Among the lines below, keep only those from the one containing "Eras Tour Philadelphia" through the one containing "#23 Battlestar Galactica", and reproduce them exactly.

**Task material:**
+ + + + +
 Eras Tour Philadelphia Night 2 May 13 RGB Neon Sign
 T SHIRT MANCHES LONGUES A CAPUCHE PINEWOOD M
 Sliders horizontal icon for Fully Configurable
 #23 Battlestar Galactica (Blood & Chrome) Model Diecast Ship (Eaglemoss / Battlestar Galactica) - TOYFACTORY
+ + + + +
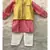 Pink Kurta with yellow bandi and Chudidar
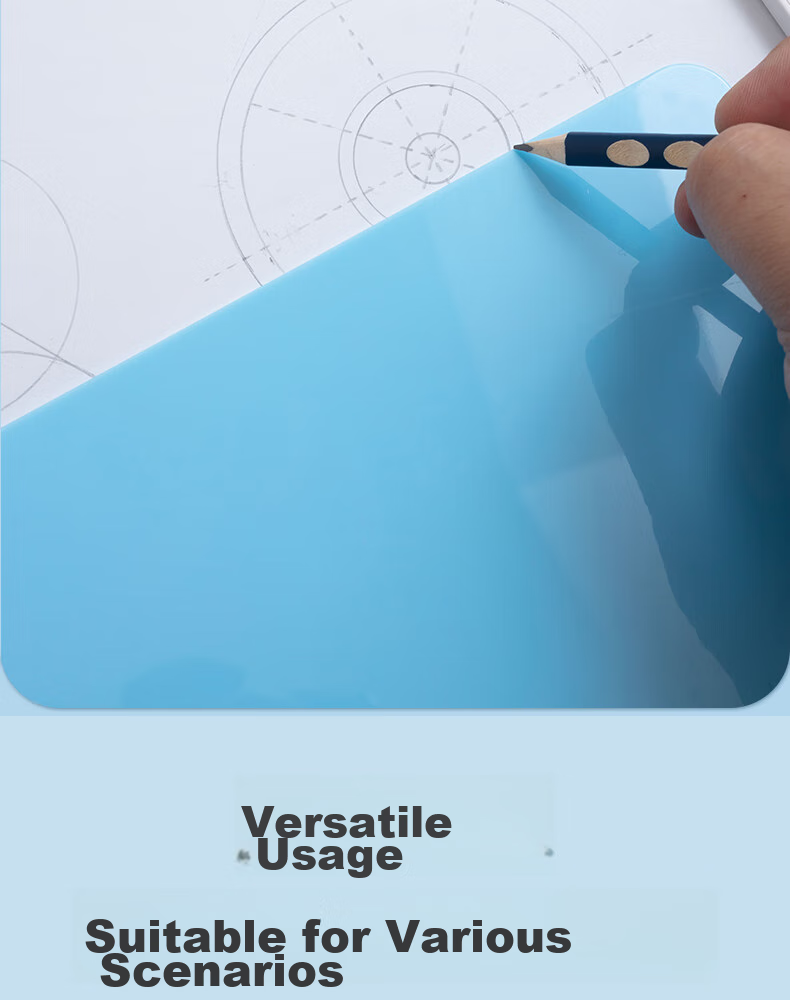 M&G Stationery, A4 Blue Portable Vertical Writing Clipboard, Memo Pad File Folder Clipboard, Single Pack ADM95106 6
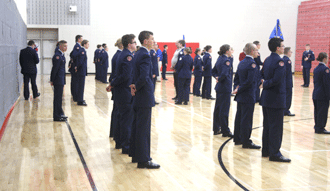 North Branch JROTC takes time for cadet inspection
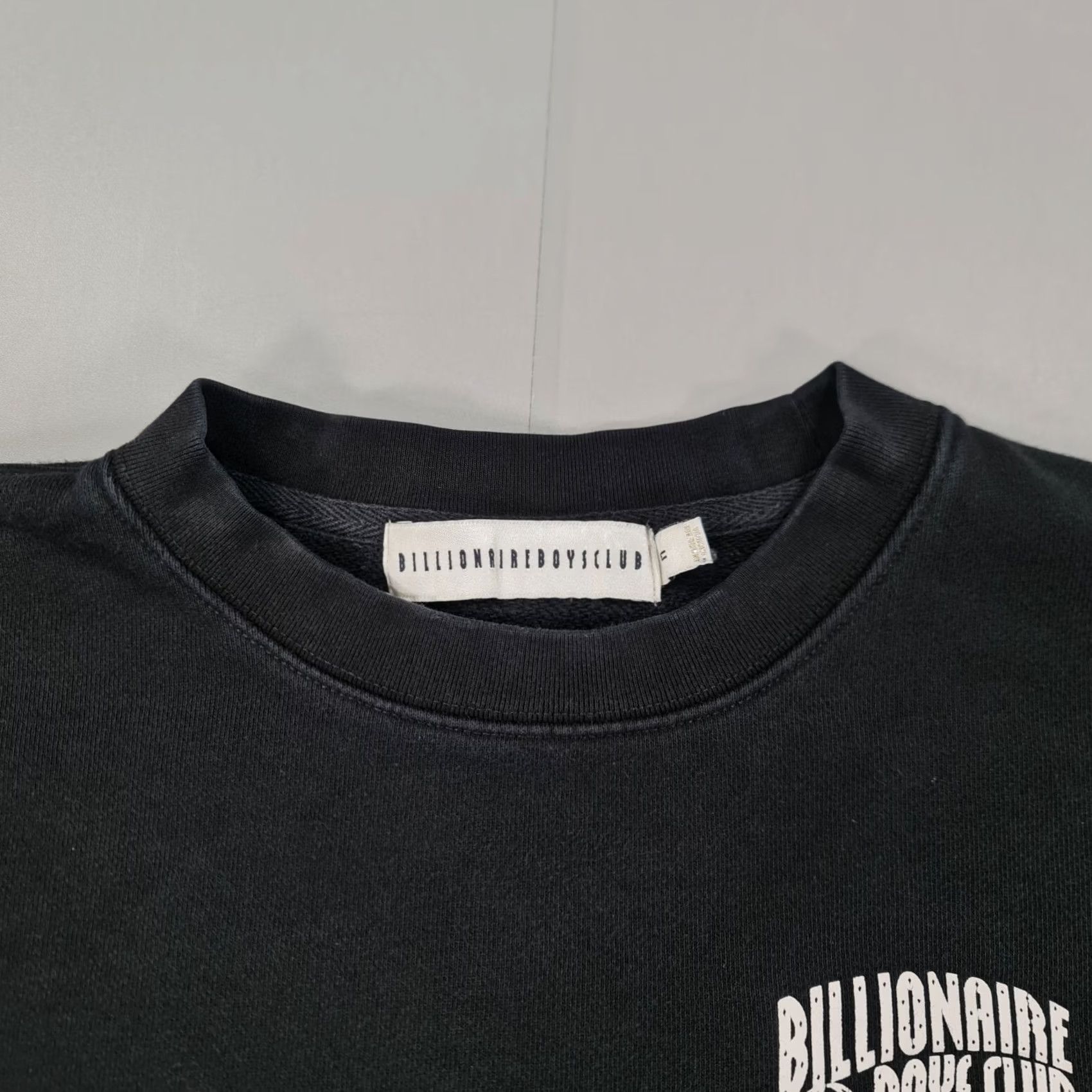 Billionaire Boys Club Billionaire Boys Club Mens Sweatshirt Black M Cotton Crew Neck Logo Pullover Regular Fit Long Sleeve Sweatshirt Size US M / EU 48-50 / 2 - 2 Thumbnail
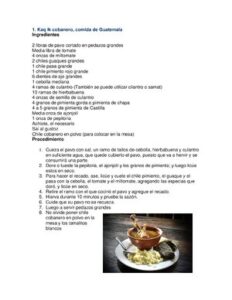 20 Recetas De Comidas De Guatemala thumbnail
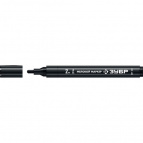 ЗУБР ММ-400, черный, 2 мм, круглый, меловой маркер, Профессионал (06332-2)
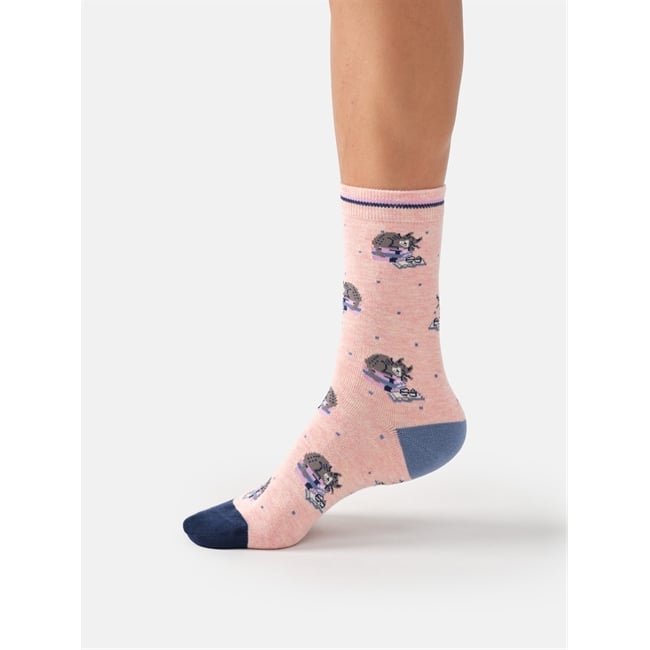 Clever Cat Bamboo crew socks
+ + + + +
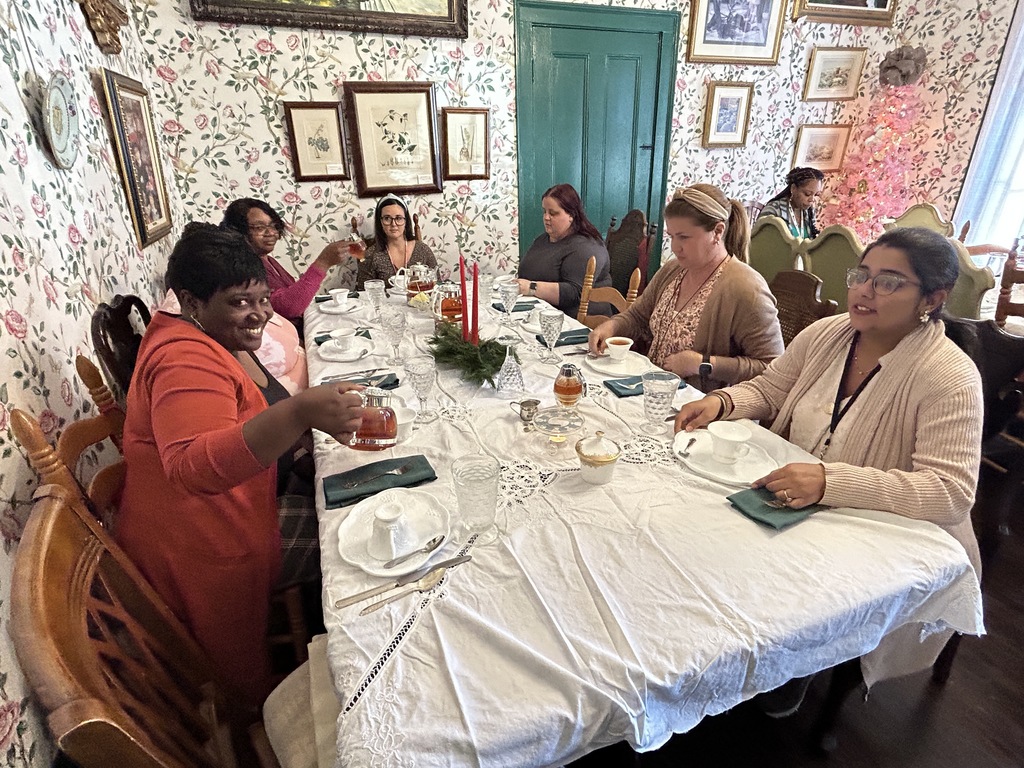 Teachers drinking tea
+ + + + +
**Written answer:**
 Eras Tour Philadelphia Night 2 May 13 RGB Neon Sign
 T SHIRT MANCHES LONGUES A CAPUCHE PINEWOOD M
 Sliders horizontal icon for Fully Configurable
 #23 Battlestar Galactica (Blood & Chrome) Model Diecast Ship (Eaglemoss / Battlestar Galactica) - TOYFACTORY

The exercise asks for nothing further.